Brief.
The entries below contain a stretch that opens with the line containing "Alte bretonische Häuser, Halbinsel" and closes with the line containing "Vestido de Quinceañera"; set down that stretch exactly, both ends included, and nothing else.

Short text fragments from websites
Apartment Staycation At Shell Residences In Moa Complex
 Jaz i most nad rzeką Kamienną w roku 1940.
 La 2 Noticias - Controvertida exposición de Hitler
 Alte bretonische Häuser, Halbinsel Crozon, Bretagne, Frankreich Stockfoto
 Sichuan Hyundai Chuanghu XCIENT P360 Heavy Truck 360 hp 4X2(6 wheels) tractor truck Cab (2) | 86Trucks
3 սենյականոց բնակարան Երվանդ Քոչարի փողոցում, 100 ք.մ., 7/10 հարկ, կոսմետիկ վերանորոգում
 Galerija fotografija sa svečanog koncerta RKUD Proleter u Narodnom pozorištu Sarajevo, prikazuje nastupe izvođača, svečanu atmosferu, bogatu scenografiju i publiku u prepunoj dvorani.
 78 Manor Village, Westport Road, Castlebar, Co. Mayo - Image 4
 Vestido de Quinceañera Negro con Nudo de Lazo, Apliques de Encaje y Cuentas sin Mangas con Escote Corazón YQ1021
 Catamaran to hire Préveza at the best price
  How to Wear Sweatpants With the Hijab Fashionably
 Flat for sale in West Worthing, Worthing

Written solution.
 Alte bretonische Häuser, Halbinsel Crozon, Bretagne, Frankreich Stockfoto
 Sichuan Hyundai Chuanghu XCIENT P360 Heavy Truck 360 hp 4X2(6 wheels) tractor truck Cab (2) | 86Trucks
3 սենյականոց բնակարան Երվանդ Քոչարի փողոցում, 100 ք.մ., 7/10 հարկ, կոսմետիկ վերանորոգում
 Galerija fotografija sa svečanog koncerta RKUD Proleter u Narodnom pozorištu Sarajevo, prikazuje nastupe izvođača, svečanu atmosferu, bogatu scenografiju i publiku u prepunoj dvorani.
 78 Manor Village, Westport Road, Castlebar, Co. Mayo - Image 4
 Vestido de Quinceañera Negro con Nudo de Lazo, Apliques de Encaje y Cuentas sin Mangas con Escote Corazón YQ1021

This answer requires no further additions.